Another application of language computing comes into play with the concept of cross-lingual search and the wordnet that are being developed by Pushpak Bhattacharyya, professor of computer science engineering at IIT-Bombay and head of laboratory for intelligent internet access, at the institute. The cross-lingual search addresses the need to search resources on the Web in different languages than the one typed. Currently, search engines like Google do a template-based search, that is, if a user types professor in the search box, documents and pages on the web containing the exact string will show up. But there might be relevant documents in other languages which the user may want to see. Bhattacharyya is working on a search engine which can also serve vernacular results to users. He has also developed the widely recognized Wordnet, an online lexical reference system, for Hindi and Marathi languages. Wordnets structure allows for language processing and research in applications such as voice recognition and dictation systems.
Social Collaboration
Another prominent entity in the computer industry which is working on cross-lingual information retrieval is Microsoft. Microsoft India has started showing avid interest in the Indian localization market and, as a software giant, has made available many versions of the Microsoft Windows operating system as well as the Microsoft Office software in different Indian languages.
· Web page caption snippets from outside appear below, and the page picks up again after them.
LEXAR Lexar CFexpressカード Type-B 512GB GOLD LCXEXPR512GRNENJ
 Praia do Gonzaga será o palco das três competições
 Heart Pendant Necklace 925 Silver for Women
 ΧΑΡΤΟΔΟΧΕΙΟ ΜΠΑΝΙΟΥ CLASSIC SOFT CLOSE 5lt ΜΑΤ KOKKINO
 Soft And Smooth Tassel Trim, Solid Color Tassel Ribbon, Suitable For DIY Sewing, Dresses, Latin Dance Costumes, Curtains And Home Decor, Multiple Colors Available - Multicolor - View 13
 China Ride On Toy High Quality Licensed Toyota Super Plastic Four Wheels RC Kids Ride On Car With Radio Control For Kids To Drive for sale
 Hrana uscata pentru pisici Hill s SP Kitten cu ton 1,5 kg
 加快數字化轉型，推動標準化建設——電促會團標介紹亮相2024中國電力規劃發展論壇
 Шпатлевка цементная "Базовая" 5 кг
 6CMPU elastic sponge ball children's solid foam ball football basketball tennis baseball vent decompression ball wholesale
Kumaran from Microsoft Research has spearheaded the project called WikiBhasha with Wikipedia to enable people to be able to create Wikipedia pages in regional languages. The WikiBhasha label has been coined through a combination of Wiki and Bhasha (which means language in Hindi). It is a multilingual content creation tool which enables users to source existing English pages from Wikipedia and convert them into their selected language, and then manually edit or add content to those pages for a parallel Wikipedia page in Indian languages. Microsoft says that WikiBhasha Beta has been released as an open-source MediaWiki extension.
WikiBhasha uses Microsofts machine translation systems which are based on statistical algorithms. Another aim of the project is to crowdsource or collect data on a volley of topics in different Indian languages which could then be used for further research. This will help in solving the basic data problem that language computing experts are facing at the basic level, says Kumaran. He tries to validate his point and says, To do translation between any 2 languages, we need 4 mn sentence pairs to develop robust machine translation systems for the purpose.
India now stands at a point where the efforts seem to be producing results and the teams are getting affirmation of their work as they are called upon by European countries for consultation. The world now wants to take lessons from India on how to manage the huge complexity in permutations and combinations of languages, scripts, and dialects and successfully develop models for integration of natural languages in machines.